Matthew David Manning is a poet from Pittsburg, Kansas where he teaches at Pittsburg State University in the Intensive English Program. Matthew holds degrees in creative writing from Arizona State University and Pittsburg State University. Matthew is passionate about educating non-native English speakers about poetry, and recently returned from spending two years in Suzhou, China. (www.mattwritenow.com)

Melissa Fite Johnson, a high school English teacher, received her Master’s in English literature from Pittsburg State University in Kansas.  Her poetry has appeared in several publications, including I-70 Review, The Little Balkans Review, The New Verse News, velvet-tail, Inscape Magazine, Cave Region Review, The Invisible Bear, HomeWords: A Project of the Kansas Poet Laureate, Kansas Time + Place, Broadsided Press: 2014 Haiku Year in Review, Begin Again: 150 Kansas Poems, and To the Stars through Difficulties: A Kansas Renga in 150 Voices. In 2015, Little Balkans Press published her first book of poetry, While the Kettle’s On Melissa and her husband, Marc, live in Pittsburg with their dog and several chickens.  (www.melissafitejohnson.com)

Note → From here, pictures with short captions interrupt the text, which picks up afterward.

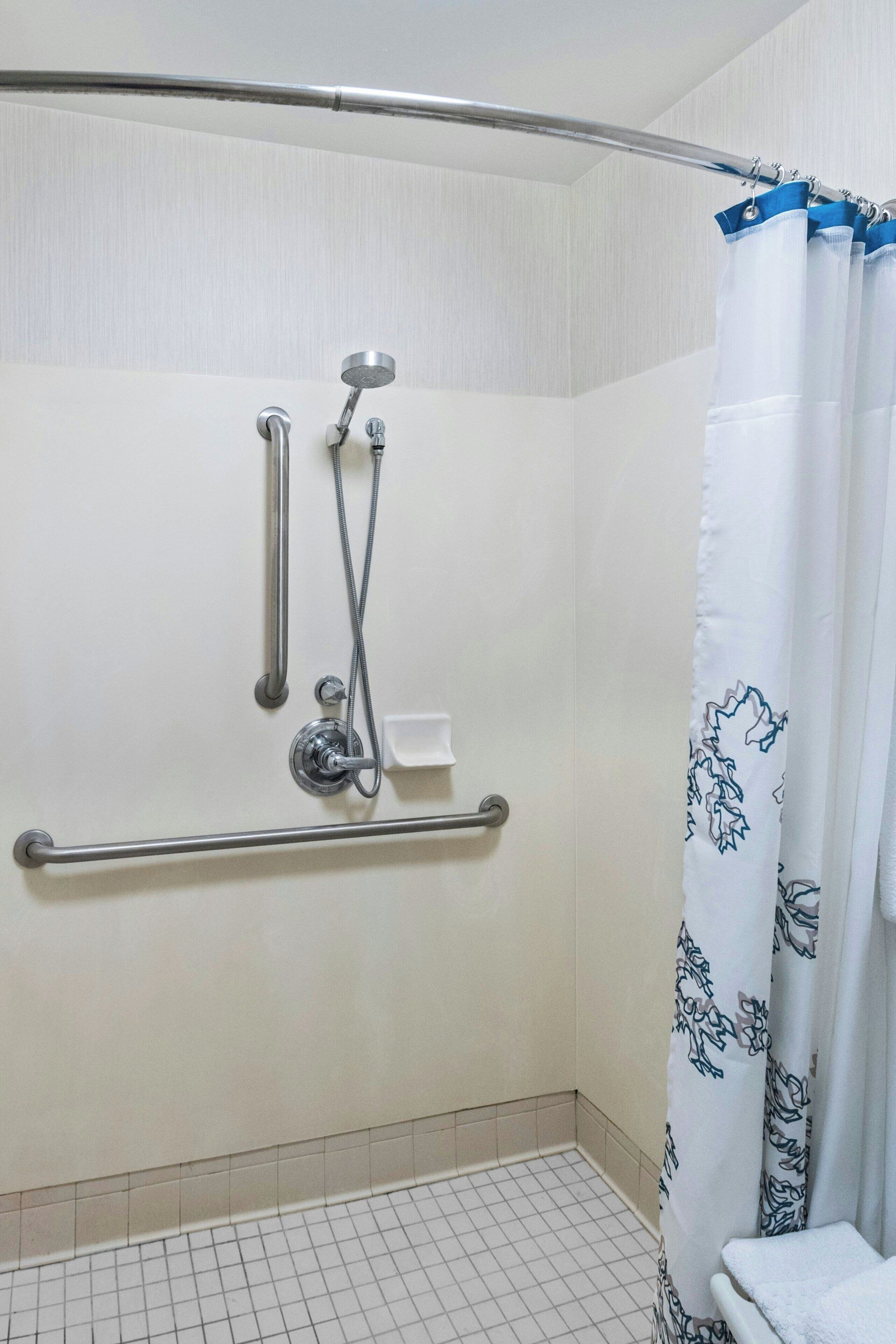 combined shower/bathtub, hair dryer, towels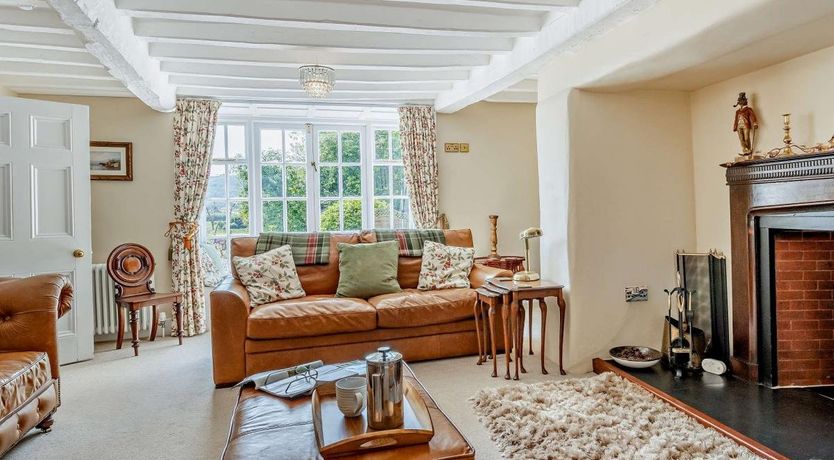 Photo of 5 Bed in Machynlleth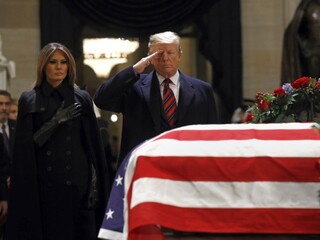 Trump sa prišiel rozlúčiť s Bushom, pri rakve zasalutoval
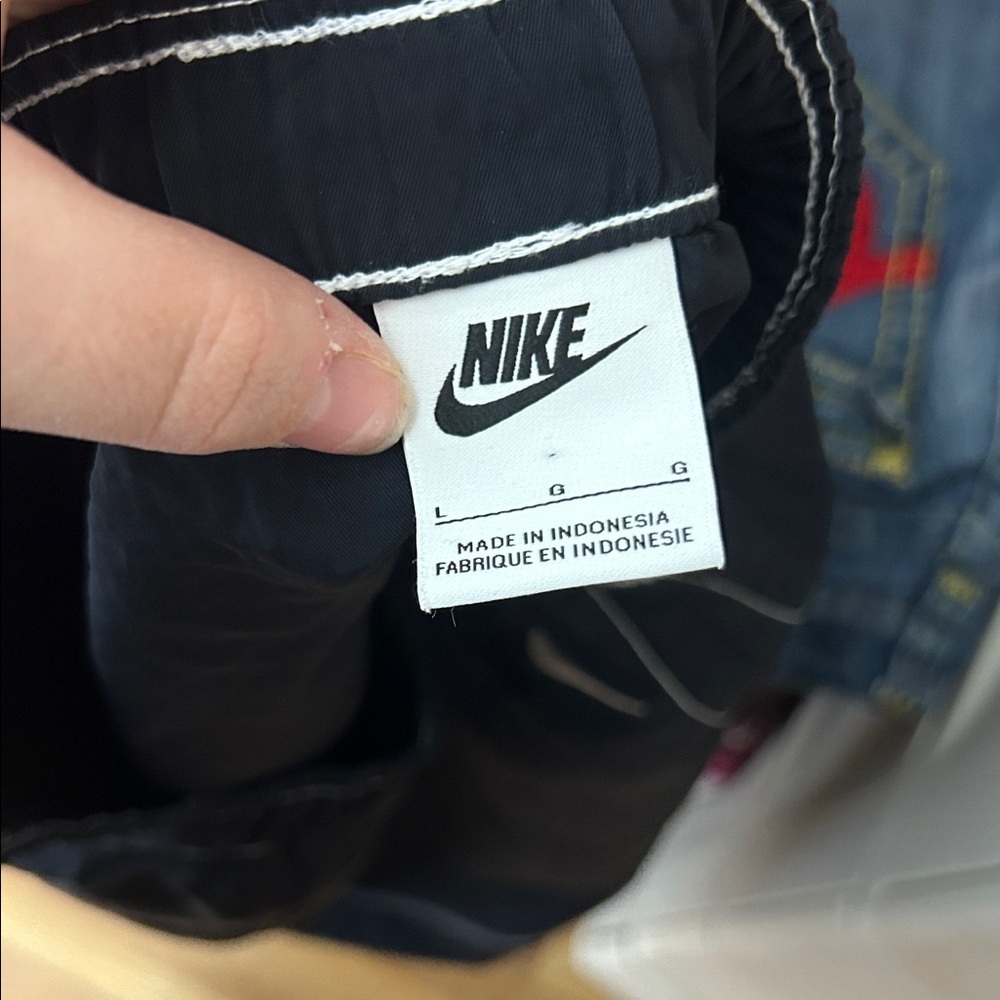 Nike Woven High Rise Nylon Skirt - Picture 3 of 4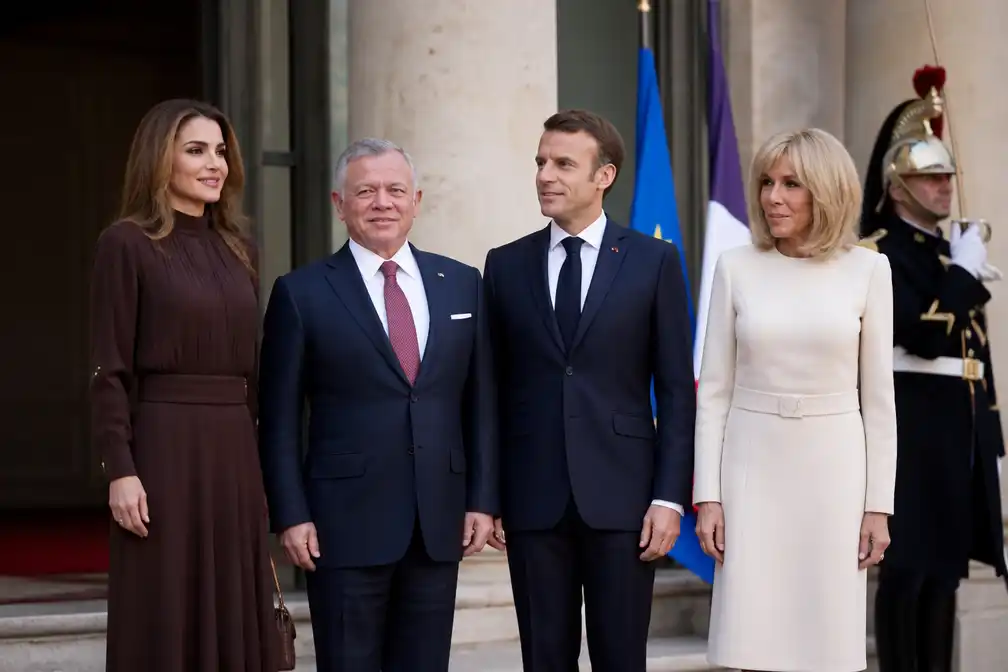Jordaanse koning Abdullah en koningin Rania warm onthaald door Macron in Parijs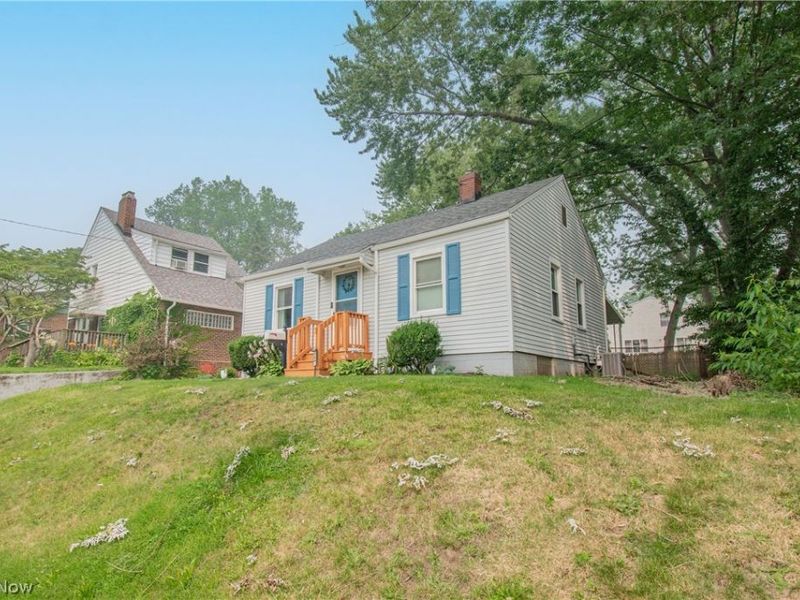 349 Morningview Avenue, Akron, OH 44305 Photo 2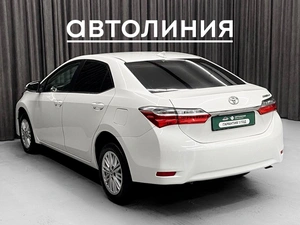 Седан Toyota Corolla 2018 года, 1650000 рублей, Красноярск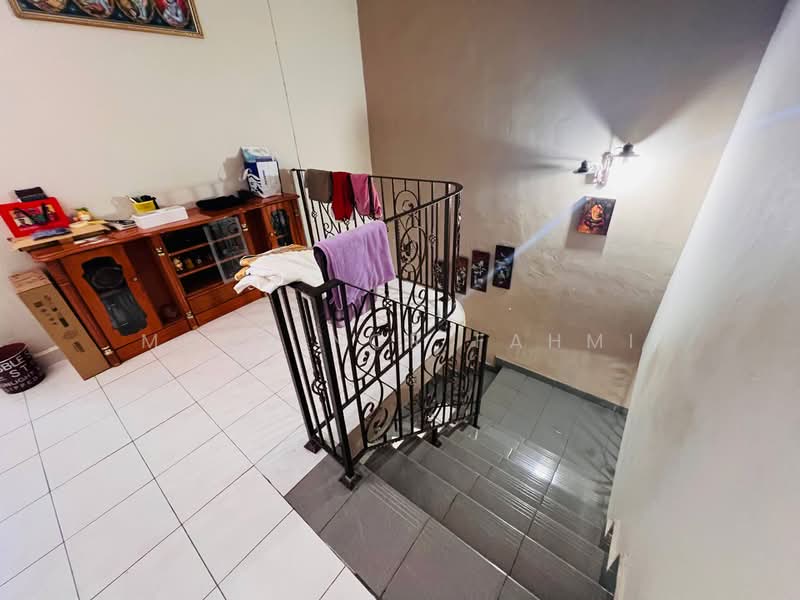 2-storey Terraced House for Sale in Bandar Putra Permai (Seri Kembangan) - Mohd Nor Fahmi - PropertyGuru.com.my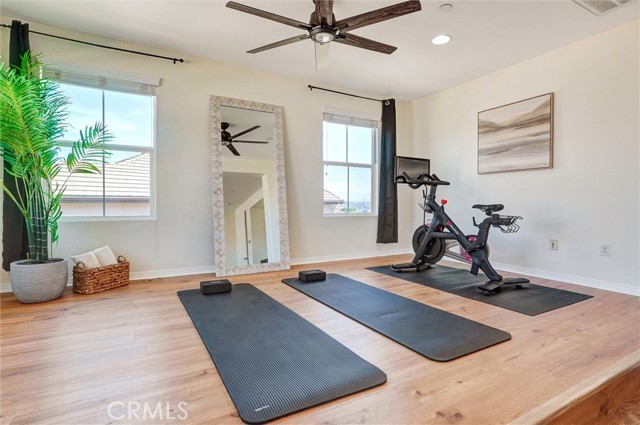 Detail Gallery Image 28 of 44 For 24509 Rosette Ln, Valencia,  CA 91354 - 5 Beds | 3 Baths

Melissa says, “I love the mystery in this poem. I was struck mostly by the sweetness of the older brother—how rare, this show of unwavering support for a little sibling, no criticisms or jabs—but then the poem ends with burnt and bruised toys and on the dog’s warning, which the boy ignores. The ending left me with an uneasy feeling, like there was more to this story than we’re allowed to see. I want more—I want a whole series of poems about this family.”

The Secret Society of Cattle by Matthew David Manning

Matthew Manning PhotoA secret society of cattle refuses

to be anyone’s property.

They don’t recognize the uses

of their every ounce.

 

Their flanks have never been mixed

with the powder packet

in your Hamburger Helper

or the off-brand that

almost tastes like the real thing.

 

The Hindus haven’t collected their urine

and distilled it to cure illness.

The cattle don’t like the term bovine

because bovine’s too generic.

In fact, because they’re cows,

they use no words at all.

 

Spread out and confident,

they graze the large land

never scared, standing tall.

A dead beefwood tree lies sideways

in the middle of the pasture.

The cattle are drawn to its stillness.

Silent and white,

it keeps their perfect attention.

~ Matthew David Manning

Bio: Matthew David Manning is a poet from Pittsburg, Kansas where he teaches at Pittsburg State University in the Intensive English Program. Matthew holds degrees in creative writing from Arizona State University and Pittsburg State University. Matthew is passionate about educating non-native English speakers about poetry, and recently returned from spending two years in Suzhou, China.

Guest editor Eric McHenry’s new book of poems, Odd Evening, will be published by Waywiser Press in 2016. His previous collections include Potscrubber Lullabies, which won the Kate Tufts Discovery Award in 2007, and Mommy Daddy Evan Sage, a children’s book illustrated by Nicholas Garland. He also edited and introduced Peggy of the Flint Hills, a memoir by Zula Bennington Greene. His poems have appeared in The New Republic, Yale Review, Cincinnati Review, Field, Orion, The Guardian (U.K.), Poetry Daily and Poetry Northwest, from whom he received the 2010 Theodore Roethke Prize. Since 2001, he has been a poetry critic for The New York Times Book Review. He lives in Lawrence with his wife and two children and teaches creative writing at Washburn University.